The two very up to date hard numbers, unit vehicle sales in SA and the value of notes in circulation, have been released for February 2015. We deflate the money series with the CPI and seasonally adjust, smooth and extrapolate both series using a time series forecasting method. Both series continue to point higher, with unit vehicle sales continuing their recovery from the blip in early 2014.
It should be recognised that new unit vehicle deliveries to the SA buyer have maintained a robust pace, comparable with peak sales of 2006-07. Much improved exports of built up vehicles have also been helpful lately to the motor assemblers and their component suppliers, who account for the largest share of all manufacturing activity. The money base, adjusted for the CPI, had declined in 2008-09 but the demand for and supply of real cash has grown consistently since in line with economic growth generally.
When both series are converted into annual growth rates, it shows that the growth cycle remains in a recovery phase but that the current growth rates are predicted to slow down in 2015. Vehicle sales may be regarded as a very good proxy for capital expenditure undertaken by households and firms, while the demand for cash supplied by the Reserve Bank on demands for notes from the banks that are having to meet their customers’ demands for cash on hand rather than a deposit in the bank. These demands reveal spending intentions by households and may be regarded as a good coinciding indicator of spending decisions.
We combine these two hard numbers, vehicle sales and notes in circulation to establish our Hard Number Index of Economic Activity in SA (HNI). As we show below, the HNI for February 2015 has held its level and is forecast to continue to do so over the next 12 months. In other words, the growth in economic activity in SA is modestly positive but is not expected to gain or lose forward momentum. The HNI may be compared in this figure to the Coincident Business Cycle Indicator of the SA Reserve Bank that was still rising in November 2014, the latest month measured. We show in the further figure that the rate of change of the HNI, what may be regarded as the second derivative of the business cycle, that the rate of change of economic activity is predicted to remain barely in positive territory. That is to say, more of the same slow growth in economic activity in SA should be expected. The catalyst that would stimulate a stronger upswing in the business cycle remains very hard to identify.
The demand for and supply of cash in the economy has proved very helpful in predicting the state of economic activity in SA over many years. We include cash in our HNI for this reason and also because data on cash in circulation is so up to date and turns what may be coincident economic action, spending and cash determined simultaneously, into a leading indicator.
It may be of interest to recognise that despite all the innovations banks have made in the electronic transfers of deposits and encouraging the use of these convenient means of payment, the importance of the ratio of cash in the economy has not declined over the years. As we show below, the cash intensity of the economy (compared to estimated retail trade volumes) appears to have risen steadily between 1980 and 2000. It then stabilised at a higher level: it declined until 2010 and now appears to be rising again.

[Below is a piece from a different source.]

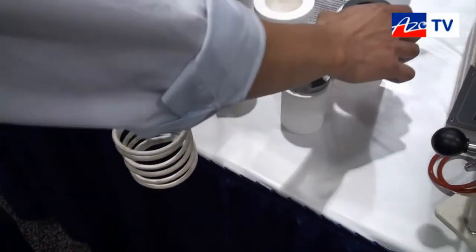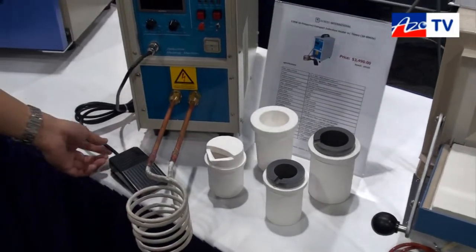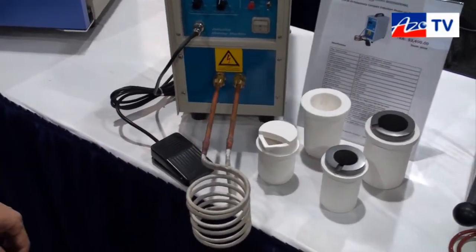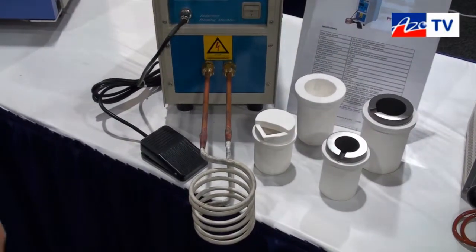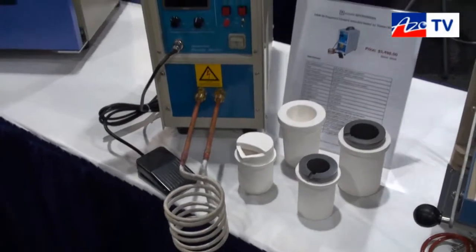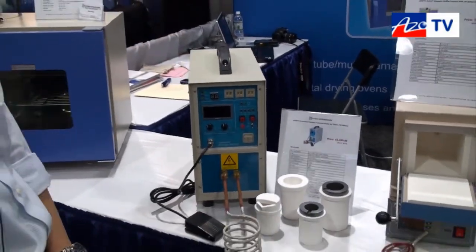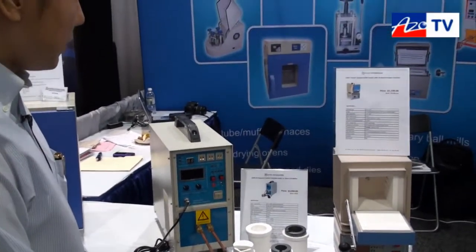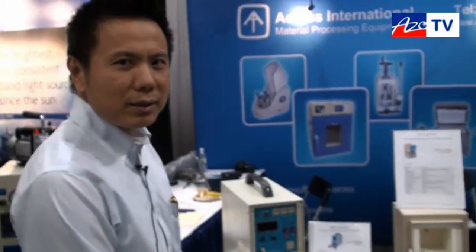This machine is water-cooled with connections in the back, and you can also have a remote foot switch to turn it on or off so that you can be away from the heat. It's very compact — you can lift it with one hand. This is our new induction heater, model number IH15A.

Part of the decline in demands for notes after 2003 was from the deposit taking banks themselves. The retail banks reduced their own demands for notes when the Reserve Bank stopped accepting notes in the bank tills and ATMs as part of required cash reserves. Only reserves held as deposits with the Reserve Bank qualified thereafter. But while this influence on the demand for cash seems to have worked its way through the system in the form of a decline in the cash to retail ratio, the ratio of cash to economic activity (represented here by officially measured retail volumes) seems inexplicably high. It does suggest that the statisticians may well be underestimating retail volumes and economic activity conducted informally. The informal economy has a much higher propensity to use cash rather than electronics to close deals. Hence the particular usefulness of cash as a leading indicator because it incorporates informal unrecorded economic activity that may well contribute significantly more to the economy than is officially recognised.